The Shirt on His Back
In this newest installment in the Benjamin January mystery series, Ben sets off from New Orleans with friends Hannibal Sefton and Lieutenant Abishag Shaw in search of the man who killed Shaw’s youngest brother at Fort Ivy, a fur trading station “six weeks beyond the frontier.” Ben is reluctant to leave his pregnant wife, Rose, during fever season, but he can do with both a little adventure and a little extra money in the wake of 1837’s bank failings. On the trail of the killer, the three men join a pack-train to a fur-trading rendezvous along the Green River. But the mystery only deepens when another body is discovered: an elderly man, naked apart from a pair of black kid gloves. Between smoothing over relations between the rough-and-ready trappers and the local Omaha tribe and rubbing elbows with such notables as Kit Carson and Jim Bridger, Ben and friends unravel a much bigger and more sinister murder plot. Shaw must decide if personal revenge is worth endangering the rest of the rendezvous.

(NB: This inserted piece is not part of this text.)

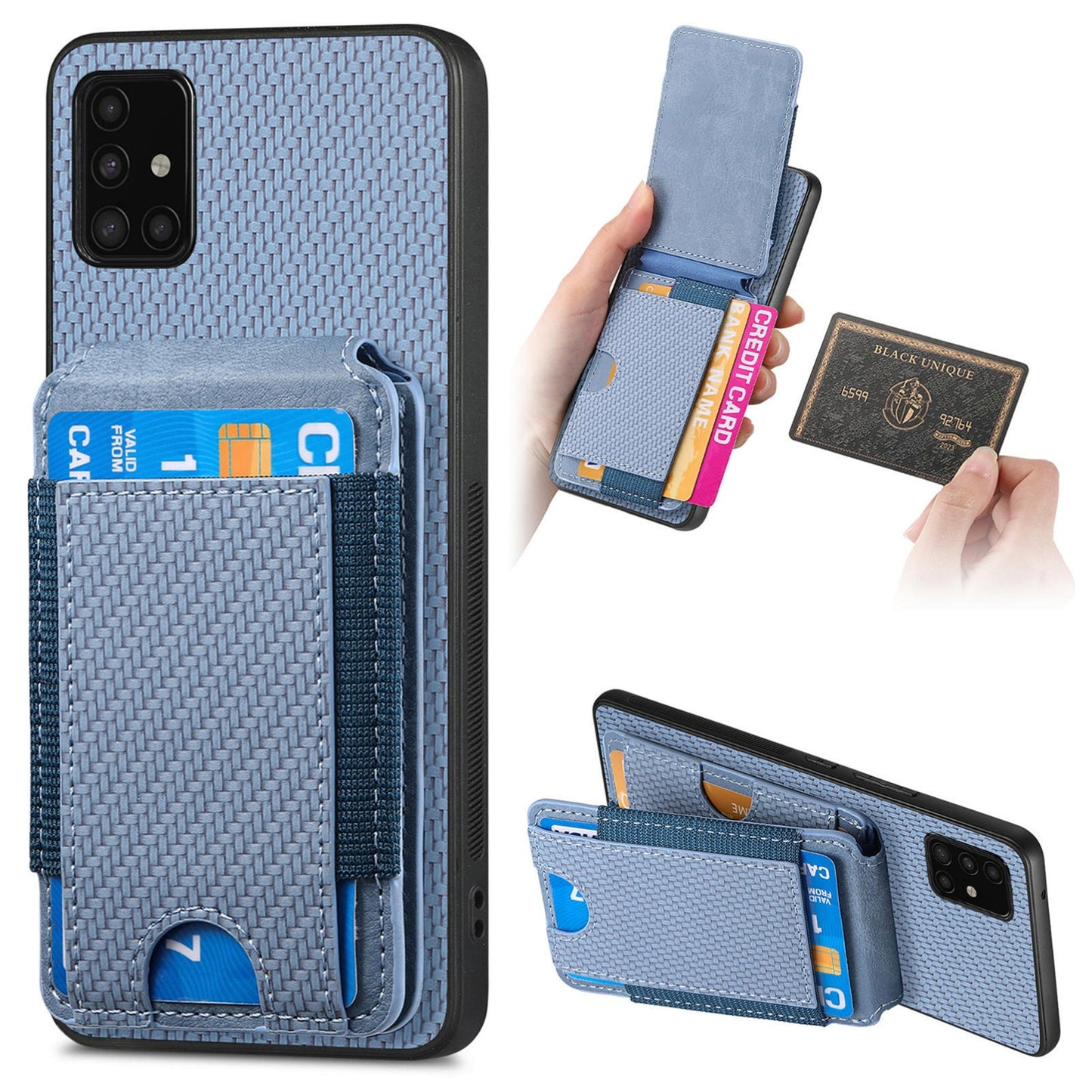Samsung Galaxy A51 4G Vertical Flip Wallet Stand Phone Case with Carbon Fibre Pattern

As much as I enjoy the Benjamin January series, I found The Shirt on His Back difficult to get into at first. Not being in New Orleans with the cast of supporting characters I’ve grown to know and love was disconcerting at first. The new characters populating the Green River rendezvous are colorful, but at times I felt they almost overshadowed Ben and friends. But Hambly’s research is solid, the dialogue lively, and the mystery intriguing. Once the clues started coming in and Ben was fully engaged on the case, the pace picked up and it rounded into another satisfying mystery from Hambly.